The phrase “old-time” describes the music played on fiddles and banjos in the United States before the 1940s. This music can be played on solo instruments or by small ensembles known as string bands. A typical string band might contain fiddle, banjo, guitar, mandolin, ukulele, and string bass. Old-time music is mostly dance music. String bands play two-part tunes with a strong dance rhythm. However, old-time also includes songs with sung words. Sometimes, string bands play slow or uneven tunes that are intended only for listening.
Old-time is usually contrasted with bluegrass. Bluegrass emerged as a commercial string band style in the 1940s. Like old-time, bluegrass is played on acoustic string instruments. However, bluegrass is often faster and more energetic. In old-time, all members of the band play simultaneously, but bluegrass features individual performers who take turns displaying their skill during solo “breaks.”
This is “June Apple” played in an old-time style. The fiddles and banjo play the melody throughout. The other instruments provide chords and rhythm.
This is “June Apple” played in a bluegrass style. Every musician takes a solo “break.”
Bluegrass and old-time also incorporate different types of banjos, played using different styles.
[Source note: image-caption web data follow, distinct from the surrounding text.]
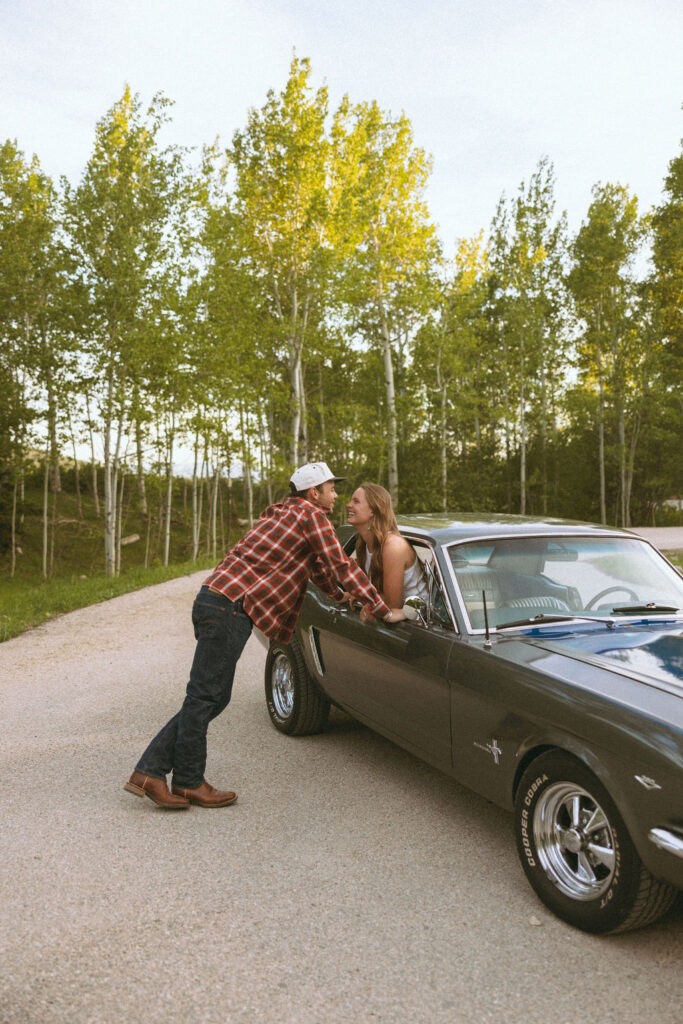 Idaho Engagement Photos tetons vintage mustang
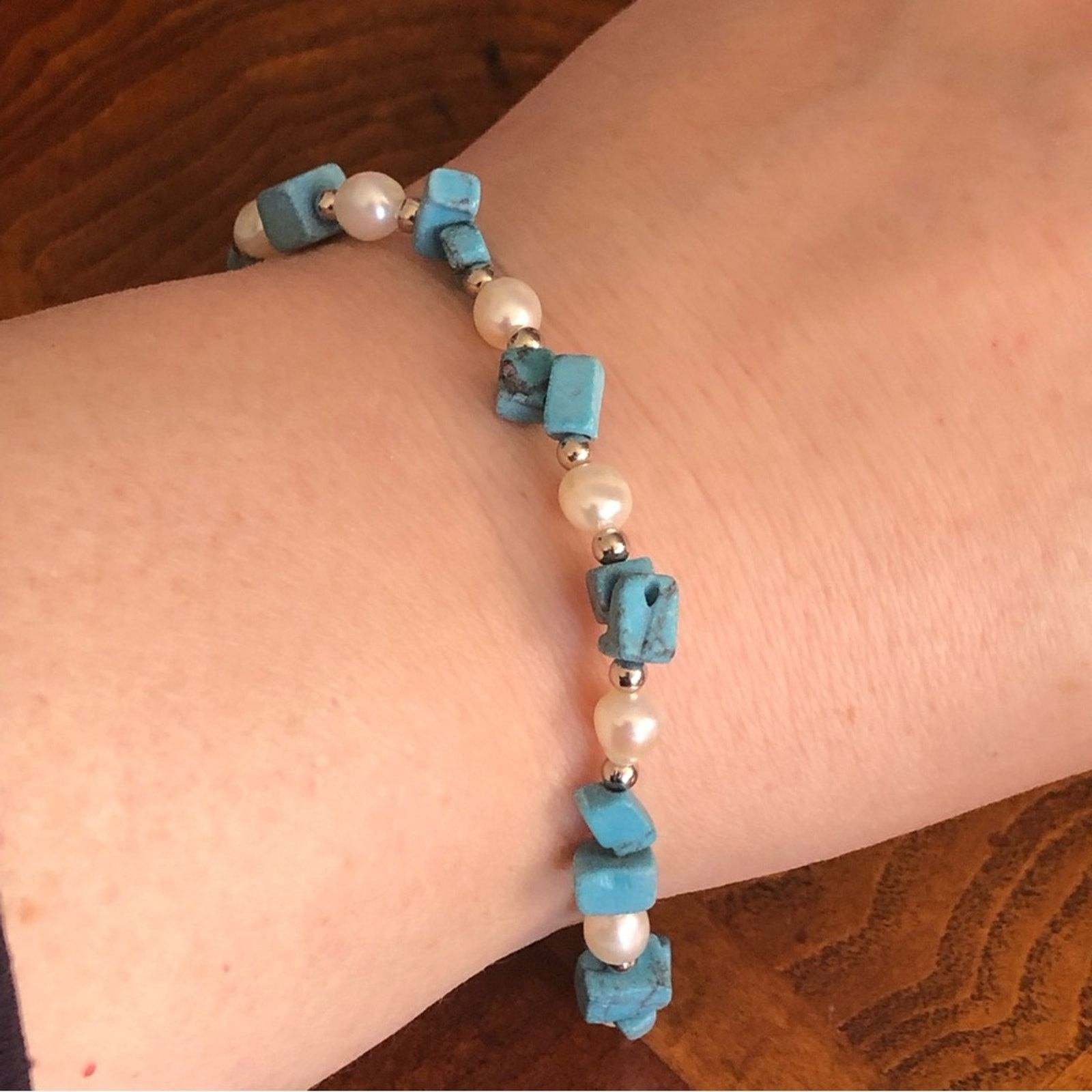 Vintage Vintage 70s faux turquoise genuine pearl bracelet Size ONE SIZE - 1 Thumbnail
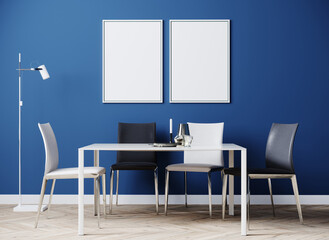 Black vertical poster frame mock up in dinning room modern interior with luxury white and black chairs and table with wooden floor and blue wall, 3d rendering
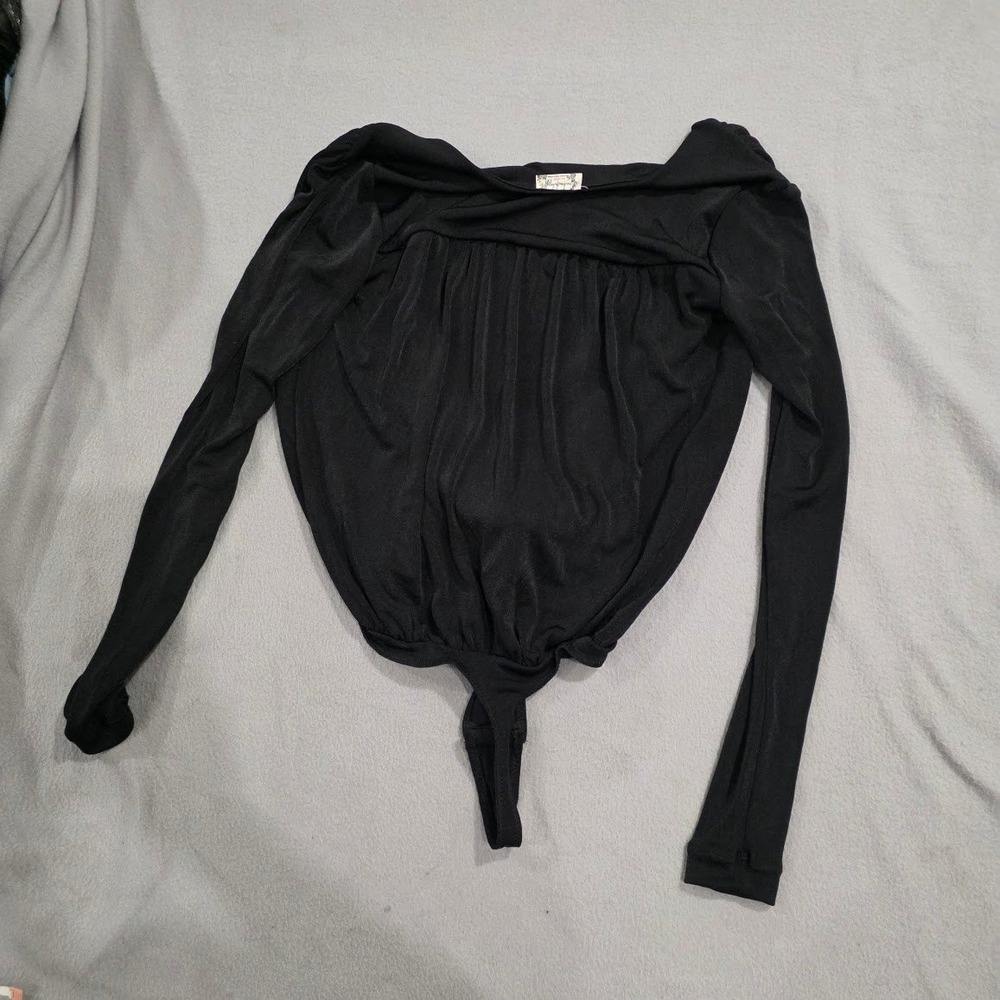Free People Intimately Bodysuit Black Long Sleeve Wrap Deep V Neck Thong XS - Picture 7 of 8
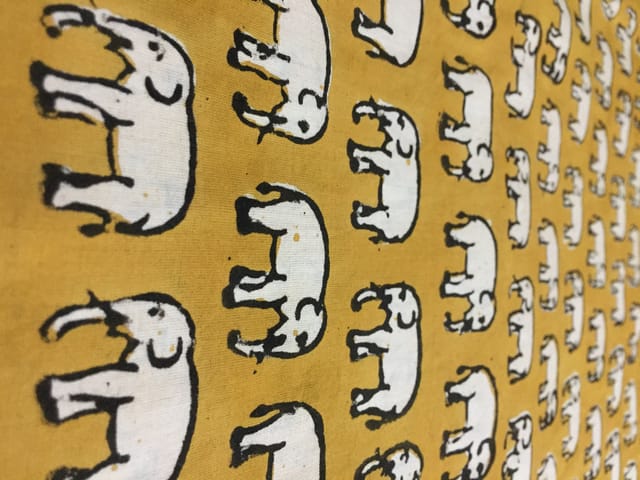 ELEPHANTS Block Print Fabric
The bluegrass banjo has a metal back. This is called a resonator, and it gives the instrument a bright, twangy sound. Old-time banjos are usually open in the back and have a muted, plunky sound. All of these banjos can be traced back to stringed instruments played by enslaved Africans in the Caribbean. These instruments were built like West African lutes.
Adam Hurt is playing a gourd banjo. It has no frets. His instrument is similar to the earliest banjos. He is playing in the “clawhammer” style used by old-time musicians.
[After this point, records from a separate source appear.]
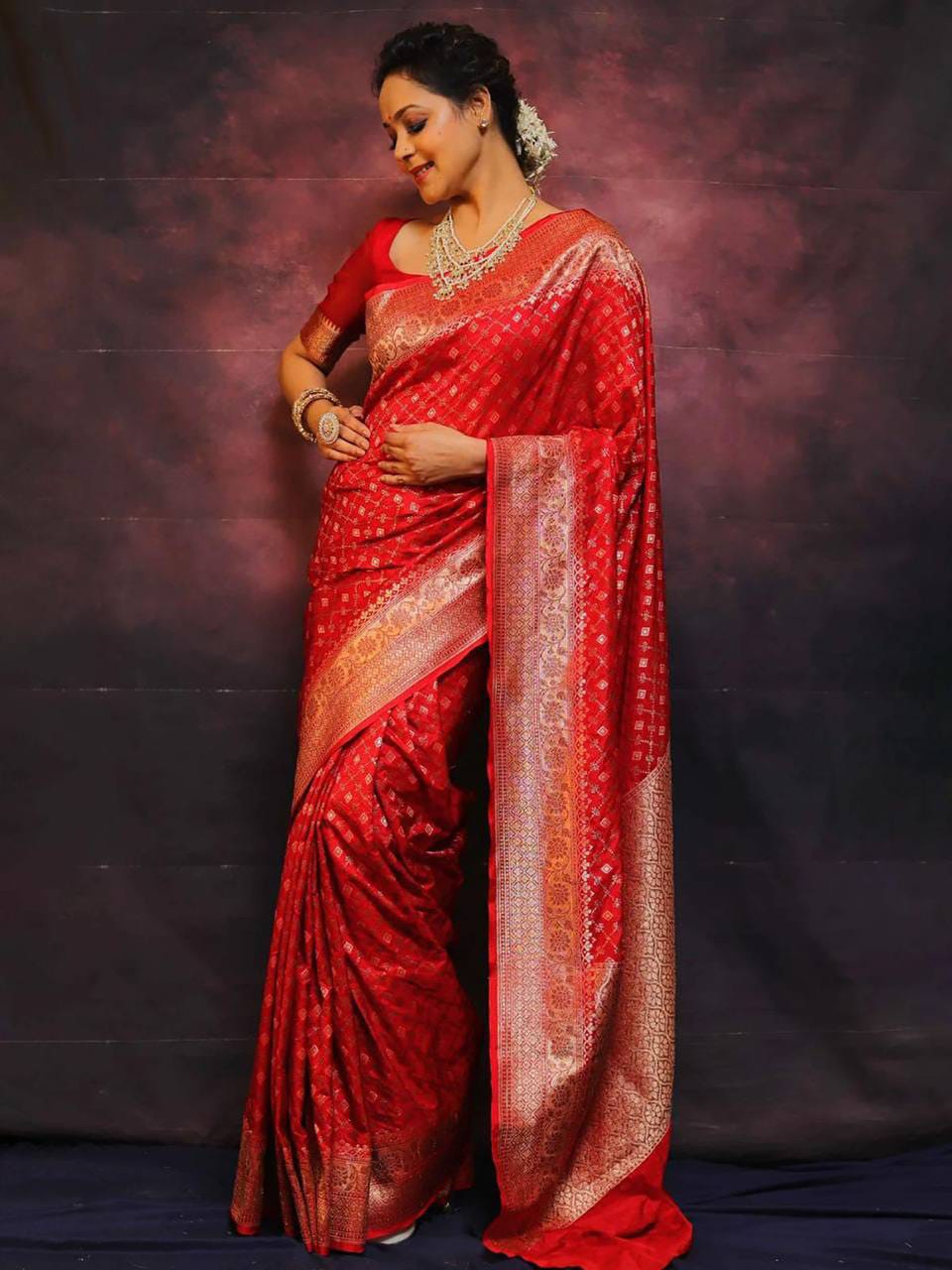 Bridal Crimson Red Soft Lichi Silk Saree with Geometric Bandhani Jaal & Rich Zari Jacquard Pallu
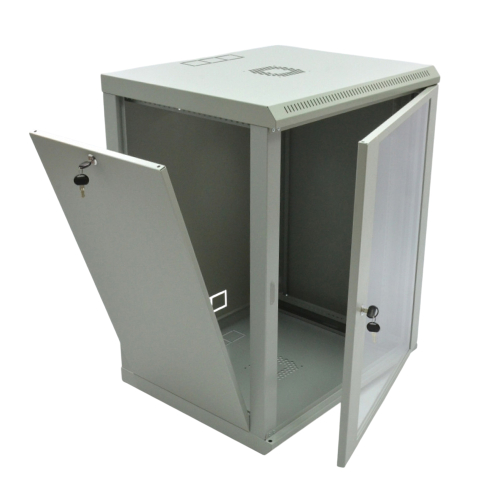 Шафа серверна SteelNet 18U 600 x 600 для мережевого обладнання (скло, сірий)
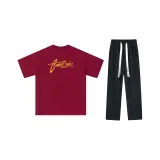 Комплект одежды (Бордовый, желтая вышивка + черные штаны)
(Above) A bluegrass banjo has a heavy metal resonator. It is played with metal finger picks.
(Right) An old-time banjo has an open back. It is played without picks.
Old-time players seek out historical and field recordings and imitate the tunes and styles of the pre-bluegrass era. In the 1920s, record companies began issuing what were called “hillbilly” records. These were primarily recordings of white Southern string bands playing traditional music. Beginning in the 1930s, collectors like Alan Lomax travelled around the South making field recordings of traditional musicians. Much of this work was funded by New Deal grants. Today, these field recordings have been digitized and are available through the Library of Congress website. The Berea College Sound Archives also hold many digitized field recordings.
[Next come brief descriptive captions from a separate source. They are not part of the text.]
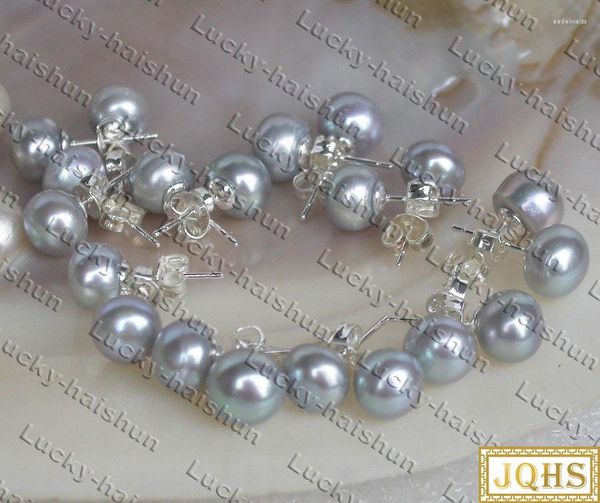 Pendientes de botón Lustre 10 piezas 8 mm redondo gris perlas de agua dulce 925 plata Post C359 para mujeres joyería al por mayor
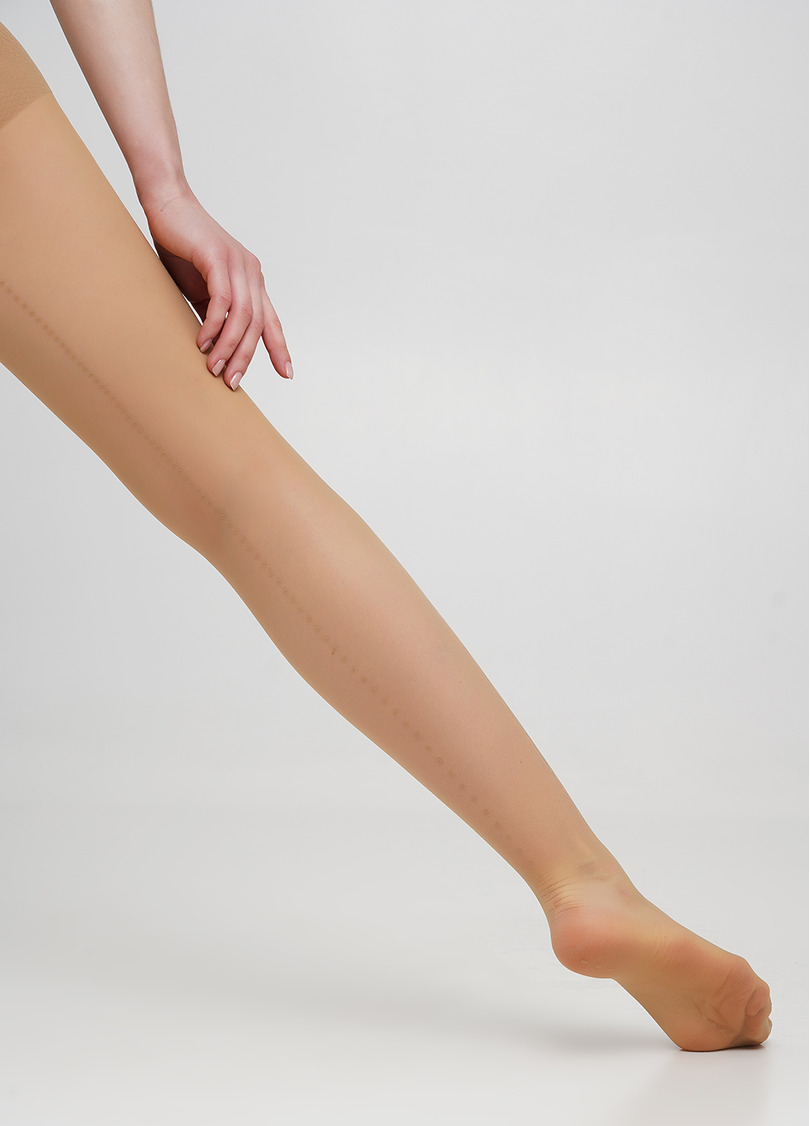 Колготки с эффектным швом в горох и ажурными шортиками VIRGINIA 20 (1) daino (бежевый)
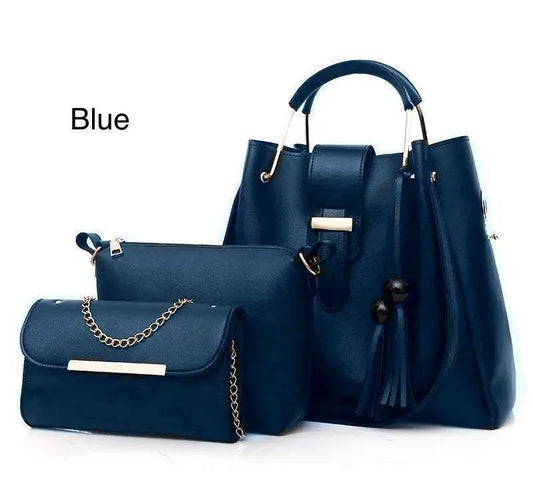 Blue Rexine Handbag Set 3-Piece Office School Wedding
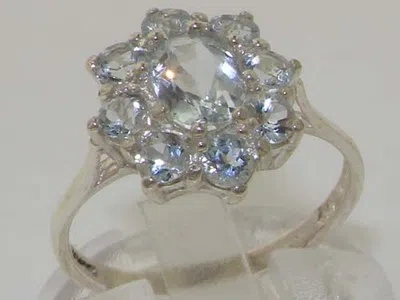 Pre-owned Gems Of America 10k White Gold Natural Aquamarine Womens Cluster Ring - Sizes 4 To 12 In Blue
However, old-time music does not only come from the South. There are distinctive fiddling traditions in all parts of the country. Fiddlers Howard Rains and Tricia Spencer have spent many years collecting and recording traditional fiddle tunes from Texas. Tricia also carries on the legacy of her grandfather, Kansas fiddler Vernon Spencer. Howard Wight Marshall has written two books about old-time fiddling in Missouri. In Illinois, Garry Harrison (1954-2012) built a legacy as a fiddler, tune collector and tune composer. Indeed, old-time music is not always old. Fiddlers and banjo players continue to write new tunes all the time.
In all settings, old-time music is mostly about community and relationships. Some old-time players pursue music as a career. Most are only interested in playing for fun. Anyone can get involved. Some of the instruments are very easy to play. At the same time, it takes many years to develop a high level of expertise and skill. Old-time musicians gather together at local jam sessions to play traditional tunes in large groups. Many attend festivals, such as the Appalachian String Band Festival in Clifftop, WV. Festivals typically feature contests for instruments and bands. Sometimes they also have concerts. Most people, however, attend in order to jam with their friends. Old-time players also attend music camps. They take classes to learn new tunes and skills. In all settings, people involved with old-time music value participation and playing together. Thomas Turino writes about participation in his landmark book Music as Social Life: The Politics of Participation (2008).
Old-time music is the music of rural people. It was developed and sustained by musicians who made their own instruments and taught themselves how to play. It was used to provide entertainment when nothing else was available. Today, old-time flourishes in both rural and urban areas as a participatory practice. It sustains a legacy of regional musical tradition. It thrives by bringing people together into community.
Gus Tritsch wrote “The Shoemaker” a few years ago. He was a teenager at the time. It is a new tune that many people play.
Esther Morgan-Ellis is associate professor of music history at the University of North Georgia, where she also directs the orchestra and coaches the old-time string band. Dr. Morgan-Ellis studies American participatory music traditions of the past and present. Learn more…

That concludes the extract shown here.